Integrate 3rd Party SSL Certificate
This article helps HySecure administrator to apply external SSL certificate on HySecure gateway. On fresh installation, the HySecure gateway uses the internal Certificate Authority. But it is recommended that you use a recognized 3rd party CA like Verisign.
While uploading an external SSL certificate please change the HySecure gateway state to configuration state.
There are two steps involved:
-
Generate Certificate Signing Request (CSR) or take wild card certificate from customer.
-
Upload Certificates in PEM format
Important
-
If you have wild card certificate, then it can be directly uploaded. In case, the wild card certificate is not available, then CSR is required.
-
While uploading the certificate, it should be in PEM format.
Steps
Generate Certificate Signing Request (CSR)
Open Management console and go to External SSL Certificate screen under RESOURCES section.
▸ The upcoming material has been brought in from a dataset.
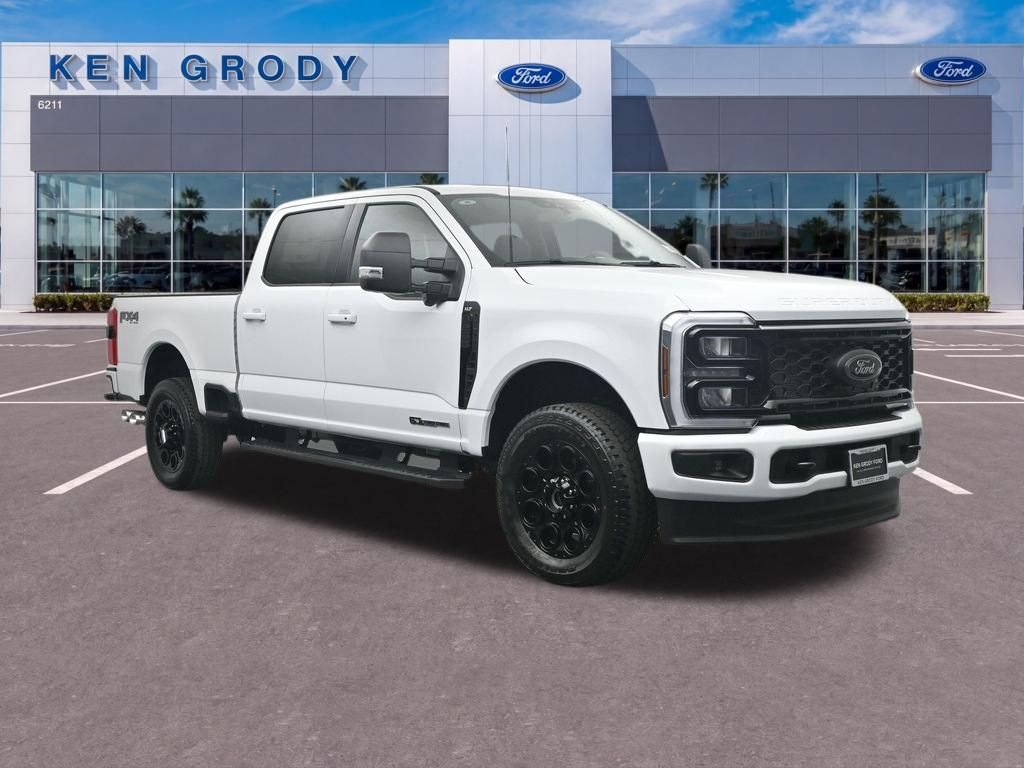 New 2026 Oxford White Ford XLT image 1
The screen shows option to generate CSR.
Click on "Generate Certificate Signing Request (CSR)" link and it will open CSR generation screen.
The details of each field is described in the table below
| Name | Description | Example |
|---|---|---|
| Country Name: | Country Name (2 letter code) | For India, it will be IN |
| State or Province Name: | State or Province Name (full name) | Berkshire |
| Locality Name: | Locality Name (e.g. City) | Newbury |
| Organization Name: | Organization Name (company) | My Company Ltd |
| Organization Unit Name: | Organization Unit Name | QA |
| Common Name: | Common Name | Your name or your server's hostname |
| Email Address: | Your email address | |
| Key Length: | Length of the key generated | 2048 will create key of length 2048 |
| Submit | Click Submit to create the CSR. |
Download Private Key & CSR
Once the details are submitted for CSR generation, the private key and Certificate Signing Request are generated. Download the Private Key and keep the file safe for later use. Do not share the private key with anyone, as it is confidential.
Download the Certificate Signing Request and submit this to your chosen Certificate Authority, say Verizon, in order to retrieve the digital certificate from them.
Upload Certificates in PEM Format
Important
You need to change the HySecure server to Configuration State to perform this task. Downtime of approximately 30 minutes is required for the activity.
Once you receive your Certificate from your CA (Certificate Authority), you can upload it to the HySecure Gateway. Alternatively if a wild card certificate is available then that can also be uploaded.
On the "External SSL Certificate" sub-menu of the "RESOURCES" section of the Management console, click on "Upload Certificates in PEM format" link. Copy the Certificate you received in .PEM format (It contains the public key). This is a compulsory field.
Copy the Optional Root Certificate, if any. If you have an intermediate CA cert and any root CA cert, copy the same in the textbox. The certificate of intermediate CA should be on top followed by its root CA cert.
Finally Copy the Private Key that was saved earlier if verified CSR is used. If customer wild card certificate is used then copy the Private Key that is associated with the wild card certificate. This is a compulsory field. Click Submit.
You can copy and paste the certificates/private key contents using notepad or notepad++. Also while pasting the contents, please ensure that there are no extra spaces at the end.
Note
Please make sure the all the certificates and private key are valid. Also all the certificates are in PEM format. If you applied wrong or incorrect private key then HySecure services may be down.
Also, please make sure snapshot of each node is taken before starting this activity.